Task description: Below are the entries; give again exactly the lines from the one mentioning "Salvage Mercedes-Benz GLA Image" through the one mentioning "Casa en calle de la Alhóndiga", inclusive.

Available data:
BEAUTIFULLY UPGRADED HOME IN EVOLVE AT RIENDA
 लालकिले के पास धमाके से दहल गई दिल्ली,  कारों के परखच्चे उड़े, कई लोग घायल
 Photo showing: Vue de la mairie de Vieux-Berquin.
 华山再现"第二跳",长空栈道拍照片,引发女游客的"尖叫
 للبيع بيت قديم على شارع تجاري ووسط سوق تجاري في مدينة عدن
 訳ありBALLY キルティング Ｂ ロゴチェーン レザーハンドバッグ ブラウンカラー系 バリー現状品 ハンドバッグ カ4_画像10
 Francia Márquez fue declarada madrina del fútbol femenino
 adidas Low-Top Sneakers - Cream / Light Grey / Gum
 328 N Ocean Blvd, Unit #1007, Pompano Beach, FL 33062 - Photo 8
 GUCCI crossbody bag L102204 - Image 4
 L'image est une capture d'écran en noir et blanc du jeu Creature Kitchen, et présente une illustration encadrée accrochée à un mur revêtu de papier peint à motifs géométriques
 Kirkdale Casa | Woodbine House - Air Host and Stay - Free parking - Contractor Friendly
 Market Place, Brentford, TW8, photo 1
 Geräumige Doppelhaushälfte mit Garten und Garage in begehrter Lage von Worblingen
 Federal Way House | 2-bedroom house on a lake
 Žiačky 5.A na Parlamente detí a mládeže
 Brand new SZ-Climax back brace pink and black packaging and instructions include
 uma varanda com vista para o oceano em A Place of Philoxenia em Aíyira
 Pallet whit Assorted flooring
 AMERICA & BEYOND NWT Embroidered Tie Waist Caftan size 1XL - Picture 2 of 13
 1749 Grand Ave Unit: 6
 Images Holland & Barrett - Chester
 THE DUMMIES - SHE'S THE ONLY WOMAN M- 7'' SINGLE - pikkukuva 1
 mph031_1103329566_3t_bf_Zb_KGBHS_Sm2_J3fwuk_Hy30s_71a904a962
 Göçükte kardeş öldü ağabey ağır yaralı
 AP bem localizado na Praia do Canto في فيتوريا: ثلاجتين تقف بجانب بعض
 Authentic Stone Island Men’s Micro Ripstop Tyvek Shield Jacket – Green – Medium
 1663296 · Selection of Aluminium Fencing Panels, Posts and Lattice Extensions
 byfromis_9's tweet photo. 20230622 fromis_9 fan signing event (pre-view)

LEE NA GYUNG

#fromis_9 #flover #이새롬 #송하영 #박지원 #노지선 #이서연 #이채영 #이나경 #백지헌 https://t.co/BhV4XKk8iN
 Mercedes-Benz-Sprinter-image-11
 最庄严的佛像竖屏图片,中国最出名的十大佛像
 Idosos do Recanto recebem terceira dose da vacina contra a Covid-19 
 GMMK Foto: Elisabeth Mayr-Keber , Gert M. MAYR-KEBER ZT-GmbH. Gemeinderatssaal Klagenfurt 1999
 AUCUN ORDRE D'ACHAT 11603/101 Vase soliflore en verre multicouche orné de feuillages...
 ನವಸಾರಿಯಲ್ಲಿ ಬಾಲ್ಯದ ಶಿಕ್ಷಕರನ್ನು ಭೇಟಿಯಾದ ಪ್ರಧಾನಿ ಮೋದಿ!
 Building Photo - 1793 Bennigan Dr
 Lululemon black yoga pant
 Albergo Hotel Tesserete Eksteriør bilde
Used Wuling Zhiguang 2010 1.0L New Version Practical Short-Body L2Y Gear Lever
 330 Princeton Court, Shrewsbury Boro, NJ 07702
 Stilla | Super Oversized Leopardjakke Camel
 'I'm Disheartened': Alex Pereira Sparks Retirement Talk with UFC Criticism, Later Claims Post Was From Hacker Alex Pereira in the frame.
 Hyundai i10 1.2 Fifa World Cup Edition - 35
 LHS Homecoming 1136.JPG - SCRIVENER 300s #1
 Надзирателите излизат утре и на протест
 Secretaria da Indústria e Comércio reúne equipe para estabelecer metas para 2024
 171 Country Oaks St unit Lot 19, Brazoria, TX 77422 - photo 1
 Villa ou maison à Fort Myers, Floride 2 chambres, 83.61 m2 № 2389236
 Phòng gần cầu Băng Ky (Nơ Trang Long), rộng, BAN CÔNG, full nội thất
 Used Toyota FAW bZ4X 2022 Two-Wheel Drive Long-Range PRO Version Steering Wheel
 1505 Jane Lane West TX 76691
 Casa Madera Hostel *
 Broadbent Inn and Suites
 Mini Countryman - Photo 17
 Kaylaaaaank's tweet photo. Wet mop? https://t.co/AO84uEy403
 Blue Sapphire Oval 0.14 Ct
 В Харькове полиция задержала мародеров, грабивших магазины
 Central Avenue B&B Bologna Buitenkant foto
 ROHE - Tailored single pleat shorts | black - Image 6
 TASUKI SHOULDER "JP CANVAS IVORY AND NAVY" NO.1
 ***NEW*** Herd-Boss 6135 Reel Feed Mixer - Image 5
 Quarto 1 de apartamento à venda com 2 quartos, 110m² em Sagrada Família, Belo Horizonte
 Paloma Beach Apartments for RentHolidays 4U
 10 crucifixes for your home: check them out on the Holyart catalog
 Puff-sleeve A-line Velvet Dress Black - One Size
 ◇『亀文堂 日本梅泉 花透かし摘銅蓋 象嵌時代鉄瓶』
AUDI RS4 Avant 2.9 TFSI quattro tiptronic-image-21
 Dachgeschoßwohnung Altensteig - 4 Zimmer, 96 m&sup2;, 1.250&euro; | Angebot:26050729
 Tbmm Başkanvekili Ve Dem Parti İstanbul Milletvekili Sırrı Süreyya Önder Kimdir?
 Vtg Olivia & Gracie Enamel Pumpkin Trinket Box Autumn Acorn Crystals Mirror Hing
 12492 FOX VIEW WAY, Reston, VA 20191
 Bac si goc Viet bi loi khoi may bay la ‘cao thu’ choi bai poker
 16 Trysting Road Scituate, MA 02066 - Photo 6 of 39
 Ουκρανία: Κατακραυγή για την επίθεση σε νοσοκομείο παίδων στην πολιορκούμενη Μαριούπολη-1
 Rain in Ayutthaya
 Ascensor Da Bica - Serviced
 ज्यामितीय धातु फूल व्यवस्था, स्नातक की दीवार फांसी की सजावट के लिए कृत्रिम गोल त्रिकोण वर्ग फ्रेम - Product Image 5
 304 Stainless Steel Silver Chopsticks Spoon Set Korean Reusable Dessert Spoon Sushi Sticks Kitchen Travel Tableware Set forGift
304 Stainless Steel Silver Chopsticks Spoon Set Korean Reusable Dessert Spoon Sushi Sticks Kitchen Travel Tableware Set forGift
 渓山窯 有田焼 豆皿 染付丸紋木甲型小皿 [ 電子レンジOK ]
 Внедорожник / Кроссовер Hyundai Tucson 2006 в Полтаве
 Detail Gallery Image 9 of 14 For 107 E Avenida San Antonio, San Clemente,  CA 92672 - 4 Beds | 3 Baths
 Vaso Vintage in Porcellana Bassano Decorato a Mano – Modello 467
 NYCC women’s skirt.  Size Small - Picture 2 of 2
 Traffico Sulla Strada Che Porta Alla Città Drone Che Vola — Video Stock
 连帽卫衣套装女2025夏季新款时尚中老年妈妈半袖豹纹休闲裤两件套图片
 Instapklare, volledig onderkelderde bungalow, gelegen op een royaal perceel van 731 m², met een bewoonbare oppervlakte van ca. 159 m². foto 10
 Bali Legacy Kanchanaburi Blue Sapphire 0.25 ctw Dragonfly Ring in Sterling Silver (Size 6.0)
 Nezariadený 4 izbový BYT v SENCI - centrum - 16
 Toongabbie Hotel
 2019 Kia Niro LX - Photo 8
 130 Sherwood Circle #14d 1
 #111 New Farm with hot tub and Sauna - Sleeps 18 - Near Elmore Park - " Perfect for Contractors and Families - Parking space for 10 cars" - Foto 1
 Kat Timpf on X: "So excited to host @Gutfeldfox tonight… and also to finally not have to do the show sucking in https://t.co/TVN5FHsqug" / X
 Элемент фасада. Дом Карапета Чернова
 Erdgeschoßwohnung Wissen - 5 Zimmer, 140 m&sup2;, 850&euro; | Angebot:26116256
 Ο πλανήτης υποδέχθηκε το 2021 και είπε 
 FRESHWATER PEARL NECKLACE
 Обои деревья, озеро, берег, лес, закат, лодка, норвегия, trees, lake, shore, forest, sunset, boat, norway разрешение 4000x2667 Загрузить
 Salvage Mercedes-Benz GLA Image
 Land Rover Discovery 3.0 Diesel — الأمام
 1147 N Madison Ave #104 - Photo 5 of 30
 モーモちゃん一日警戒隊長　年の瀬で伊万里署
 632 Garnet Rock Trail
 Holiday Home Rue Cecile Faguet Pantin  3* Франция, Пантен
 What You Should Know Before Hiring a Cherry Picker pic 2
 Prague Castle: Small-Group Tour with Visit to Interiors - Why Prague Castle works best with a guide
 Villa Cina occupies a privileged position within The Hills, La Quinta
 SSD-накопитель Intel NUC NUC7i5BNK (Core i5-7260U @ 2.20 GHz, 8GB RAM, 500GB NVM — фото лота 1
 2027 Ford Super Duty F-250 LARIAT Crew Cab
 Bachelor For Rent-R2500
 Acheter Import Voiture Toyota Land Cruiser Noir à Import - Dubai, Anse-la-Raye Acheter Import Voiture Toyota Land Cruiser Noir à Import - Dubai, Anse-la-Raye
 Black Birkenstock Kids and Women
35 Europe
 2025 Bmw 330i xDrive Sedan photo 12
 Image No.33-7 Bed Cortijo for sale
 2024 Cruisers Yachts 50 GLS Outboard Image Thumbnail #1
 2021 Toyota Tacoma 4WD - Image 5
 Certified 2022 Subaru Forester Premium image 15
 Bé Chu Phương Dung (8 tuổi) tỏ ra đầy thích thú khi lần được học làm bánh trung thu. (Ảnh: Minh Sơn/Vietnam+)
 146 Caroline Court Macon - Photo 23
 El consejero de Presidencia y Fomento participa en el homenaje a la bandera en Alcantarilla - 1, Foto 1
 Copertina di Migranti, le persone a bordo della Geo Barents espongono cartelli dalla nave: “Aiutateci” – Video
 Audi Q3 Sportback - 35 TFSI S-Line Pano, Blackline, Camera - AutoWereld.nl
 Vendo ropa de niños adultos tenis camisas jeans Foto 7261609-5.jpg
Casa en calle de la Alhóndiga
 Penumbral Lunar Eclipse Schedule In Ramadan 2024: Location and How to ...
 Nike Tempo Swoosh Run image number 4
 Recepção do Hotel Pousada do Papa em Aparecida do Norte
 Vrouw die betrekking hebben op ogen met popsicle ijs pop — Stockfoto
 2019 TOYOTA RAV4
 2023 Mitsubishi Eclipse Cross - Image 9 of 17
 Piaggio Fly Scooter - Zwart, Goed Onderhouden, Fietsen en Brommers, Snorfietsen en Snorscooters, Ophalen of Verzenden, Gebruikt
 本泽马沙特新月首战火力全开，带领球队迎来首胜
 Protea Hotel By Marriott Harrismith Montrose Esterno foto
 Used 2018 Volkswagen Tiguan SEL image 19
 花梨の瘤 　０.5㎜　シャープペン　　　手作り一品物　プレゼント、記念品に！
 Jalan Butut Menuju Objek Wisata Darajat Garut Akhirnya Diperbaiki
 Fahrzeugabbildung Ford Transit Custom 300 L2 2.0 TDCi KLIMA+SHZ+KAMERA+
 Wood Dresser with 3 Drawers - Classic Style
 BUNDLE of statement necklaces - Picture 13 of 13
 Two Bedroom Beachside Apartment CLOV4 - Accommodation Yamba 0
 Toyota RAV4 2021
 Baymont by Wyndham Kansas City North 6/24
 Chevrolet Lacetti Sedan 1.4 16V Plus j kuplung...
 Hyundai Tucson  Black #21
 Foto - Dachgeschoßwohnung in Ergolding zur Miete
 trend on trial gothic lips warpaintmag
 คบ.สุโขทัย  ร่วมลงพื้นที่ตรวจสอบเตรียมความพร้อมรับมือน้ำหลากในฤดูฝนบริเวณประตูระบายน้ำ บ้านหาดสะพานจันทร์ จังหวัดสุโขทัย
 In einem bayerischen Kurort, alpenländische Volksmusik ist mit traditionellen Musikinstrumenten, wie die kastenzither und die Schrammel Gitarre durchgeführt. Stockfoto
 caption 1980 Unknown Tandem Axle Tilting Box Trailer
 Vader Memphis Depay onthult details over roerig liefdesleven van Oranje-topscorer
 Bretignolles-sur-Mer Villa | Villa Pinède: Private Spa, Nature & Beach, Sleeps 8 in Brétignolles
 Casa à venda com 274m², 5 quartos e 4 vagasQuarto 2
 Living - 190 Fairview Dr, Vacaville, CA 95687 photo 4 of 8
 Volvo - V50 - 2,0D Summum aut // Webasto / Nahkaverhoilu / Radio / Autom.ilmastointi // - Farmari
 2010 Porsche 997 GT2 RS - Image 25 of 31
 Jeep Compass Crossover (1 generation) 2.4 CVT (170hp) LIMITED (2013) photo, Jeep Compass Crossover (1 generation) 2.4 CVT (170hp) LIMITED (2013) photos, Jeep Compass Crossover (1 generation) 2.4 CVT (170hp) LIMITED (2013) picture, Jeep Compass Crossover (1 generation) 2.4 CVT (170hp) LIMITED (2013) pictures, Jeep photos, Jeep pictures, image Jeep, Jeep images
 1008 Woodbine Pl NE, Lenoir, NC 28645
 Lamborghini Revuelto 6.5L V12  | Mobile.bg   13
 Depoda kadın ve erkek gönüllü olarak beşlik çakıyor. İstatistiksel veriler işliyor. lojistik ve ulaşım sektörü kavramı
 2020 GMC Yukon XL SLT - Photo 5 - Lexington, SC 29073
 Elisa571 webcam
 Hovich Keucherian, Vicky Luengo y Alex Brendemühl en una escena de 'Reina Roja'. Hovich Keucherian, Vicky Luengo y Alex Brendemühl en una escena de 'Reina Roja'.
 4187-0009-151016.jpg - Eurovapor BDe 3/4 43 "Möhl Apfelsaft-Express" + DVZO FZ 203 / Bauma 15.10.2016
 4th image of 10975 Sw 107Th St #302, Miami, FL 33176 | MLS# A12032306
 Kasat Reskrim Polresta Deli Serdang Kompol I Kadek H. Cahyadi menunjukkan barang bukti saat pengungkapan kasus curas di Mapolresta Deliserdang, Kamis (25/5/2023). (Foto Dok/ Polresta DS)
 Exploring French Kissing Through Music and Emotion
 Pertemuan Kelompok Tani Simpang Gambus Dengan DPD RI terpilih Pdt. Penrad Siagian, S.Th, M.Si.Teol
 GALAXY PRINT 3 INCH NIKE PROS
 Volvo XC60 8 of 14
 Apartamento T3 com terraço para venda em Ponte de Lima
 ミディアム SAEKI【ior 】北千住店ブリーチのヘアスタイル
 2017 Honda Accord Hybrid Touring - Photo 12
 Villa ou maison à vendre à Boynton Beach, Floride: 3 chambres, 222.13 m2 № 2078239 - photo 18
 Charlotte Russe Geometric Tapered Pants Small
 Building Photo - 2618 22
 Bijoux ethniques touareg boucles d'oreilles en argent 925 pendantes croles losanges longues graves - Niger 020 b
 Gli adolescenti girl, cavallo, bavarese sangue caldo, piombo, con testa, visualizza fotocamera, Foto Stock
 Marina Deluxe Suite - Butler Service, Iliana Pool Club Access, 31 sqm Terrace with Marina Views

Answer box:
 Salvage Mercedes-Benz GLA Image
 Land Rover Discovery 3.0 Diesel — الأمام
 1147 N Madison Ave #104 - Photo 5 of 30
 モーモちゃん一日警戒隊長　年の瀬で伊万里署
 632 Garnet Rock Trail
 Holiday Home Rue Cecile Faguet Pantin  3* Франция, Пантен
 What You Should Know Before Hiring a Cherry Picker pic 2
 Prague Castle: Small-Group Tour with Visit to Interiors - Why Prague Castle works best with a guide
 Villa Cina occupies a privileged position within The Hills, La Quinta
 SSD-накопитель Intel NUC NUC7i5BNK (Core i5-7260U @ 2.20 GHz, 8GB RAM, 500GB NVM — фото лота 1
 2027 Ford Super Duty F-250 LARIAT Crew Cab
 Bachelor For Rent-R2500
 Acheter Import Voiture Toyota Land Cruiser Noir à Import - Dubai, Anse-la-Raye Acheter Import Voiture Toyota Land Cruiser Noir à Import - Dubai, Anse-la-Raye
 Black Birkenstock Kids and Women
35 Europe
 2025 Bmw 330i xDrive Sedan photo 12
 Image No.33-7 Bed Cortijo for sale
 2024 Cruisers Yachts 50 GLS Outboard Image Thumbnail #1
 2021 Toyota Tacoma 4WD - Image 5
 Certified 2022 Subaru Forester Premium image 15
 Bé Chu Phương Dung (8 tuổi) tỏ ra đầy thích thú khi lần được học làm bánh trung thu. (Ảnh: Minh Sơn/Vietnam+)
 146 Caroline Court Macon - Photo 23
 El consejero de Presidencia y Fomento participa en el homenaje a la bandera en Alcantarilla - 1, Foto 1
 Copertina di Migranti, le persone a bordo della Geo Barents espongono cartelli dalla nave: “Aiutateci” – Video
 Audi Q3 Sportback - 35 TFSI S-Line Pano, Blackline, Camera - AutoWereld.nl
 Vendo ropa de niños adultos tenis camisas jeans Foto 7261609-5.jpg
Casa en calle de la Alhóndiga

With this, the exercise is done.